Since the beginning of humankind, we have been trading goods. Before humans started to cultivate their own food, they would often trade goods they found. This system worked as hunters and gatherers, but once our goods became specialized, trading became more difficult.
This difficulty in trading is due to something called the coincidence of wants. Trade can only work between two people if both individuals want what the other has. For example, let’s say you have food and I have clothes. I want your food and you want my clothes, so we are able to trade. But, let’s say you want my clothes but I don’t want your food, how would we trade?
One solution would be to find a third party who is wanting to trade for food and has something that I want, but this system starts to become complicated as more people start to trade and the economy starts to grow.
Instead of finding this third person, people adapted to finding a third good that doesn’t spoil, can’t be easily replicated, and that everyone agrees has value.

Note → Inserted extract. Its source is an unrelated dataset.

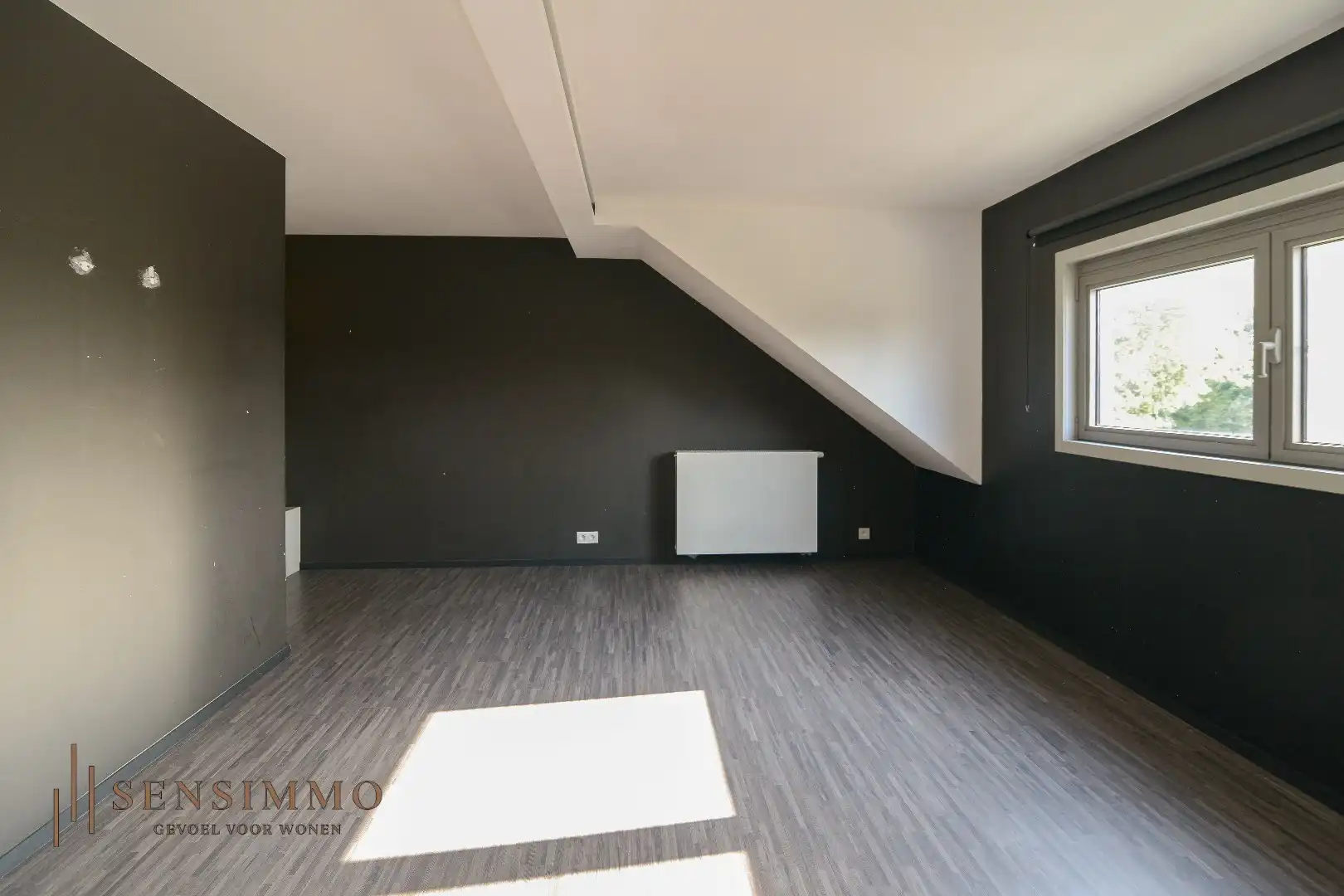 Ruim en instapklaar duplex appartement met carport en terras foto 16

This third good is something that economists call a commodity good. An example of a commodity good is gold or silver.
Today, cigarettes are often used as a commodity good in places with limited access to paper money. Or, as described in this video, a group of people on the island of Yap used giant limestone donuts as their commodity good:
However, while commodity goods bridge the gap of the coincidence of wants, they also have their weaknesses. Because it is easily mined, gold and silver can often have damaging effects on the economy.
For instance, Spain brought a lot of silver in from South America to Europe, all at one time, and ended up inflating the value of silver because they added so much of it into their economy at once. Commodity goods can also be heavy and hard to transport long distances. Can you imagine lugging around a limestone donut every time you wanted to purchase food?
China ran into this problem during the Tang Dynasty (618 - 907 AD). Merchants would use gold coins to trade for goods, but found the weight of the money to be cumbersome. They would leave their coins with a trusted agent, who would then record on paper how much money had been left as a deposit. Merchants would take this paper to the market and exchange it for goods. Those who traded their goods for paper would then go back to the trusted agent and take out the coins that were owed to them.
Thus, the invention of paper money was founded! Paper money fit the role of having a shared value, it was hard to replicate, and it doesn’t spoil. It helped solve the complications that come from the coincidence of wants in a large economy and it was much easier to transport from place to place.